§ WORK REQUEST: Begin your copy at the line with "George Simion (R), presidente" in the records below and end it at the line with "Snapshot of slim_petite_ebony", restating each line word for word; omit the pictures.

§ PROVIDED ENTRIES:
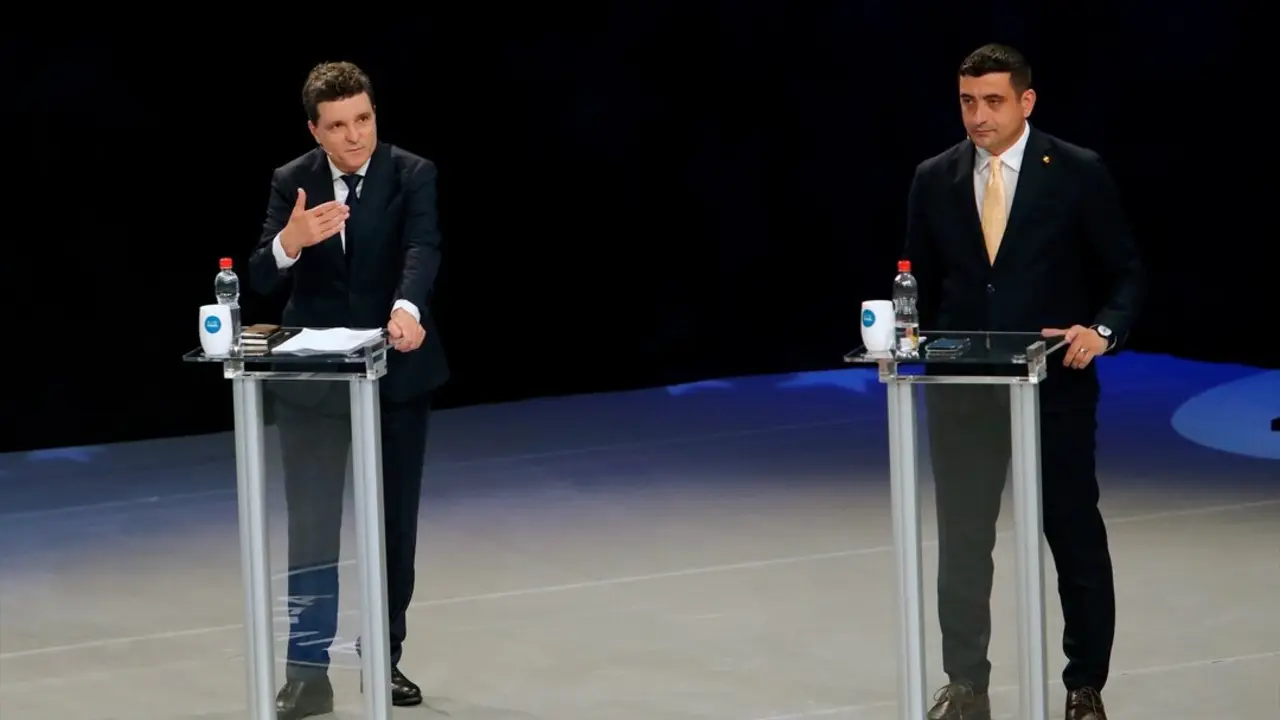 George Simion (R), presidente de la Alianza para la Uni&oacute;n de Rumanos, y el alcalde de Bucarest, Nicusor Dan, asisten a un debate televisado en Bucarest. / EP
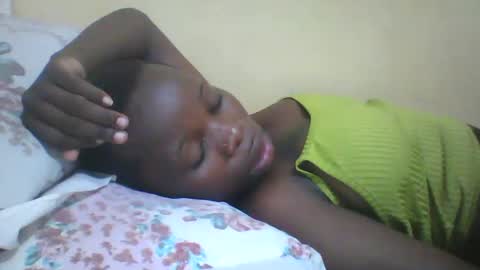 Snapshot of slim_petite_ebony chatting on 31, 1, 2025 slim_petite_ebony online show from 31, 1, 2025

* * *

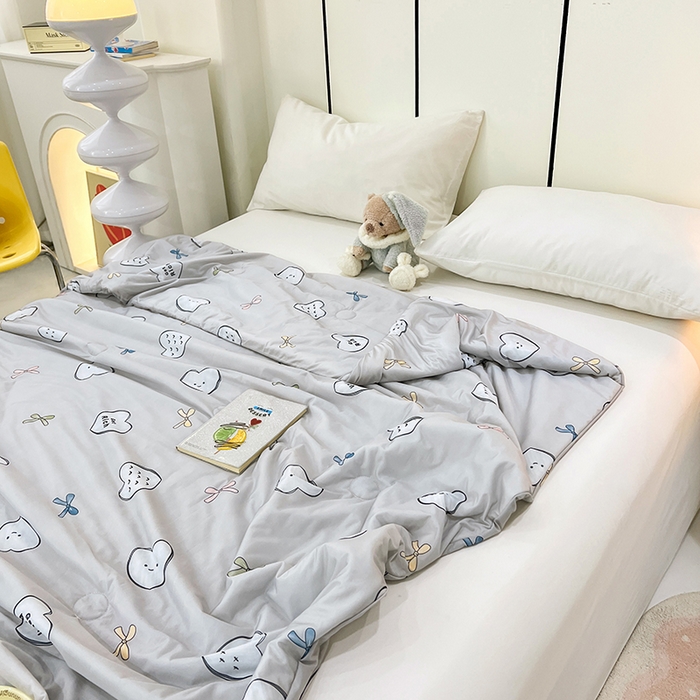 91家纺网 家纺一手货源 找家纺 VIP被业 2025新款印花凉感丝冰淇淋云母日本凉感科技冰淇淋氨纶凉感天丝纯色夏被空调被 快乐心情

§ EXERCISE RESULT:
 George Simion (R), presidente de la Alianza para la Uni&oacute;n de Rumanos, y el alcalde de Bucarest, Nicusor Dan, asisten a un debate televisado en Bucarest. / EP
 Snapshot of slim_petite_ebony chatting on 31, 1, 2025 slim_petite_ebony online show from 31, 1, 2025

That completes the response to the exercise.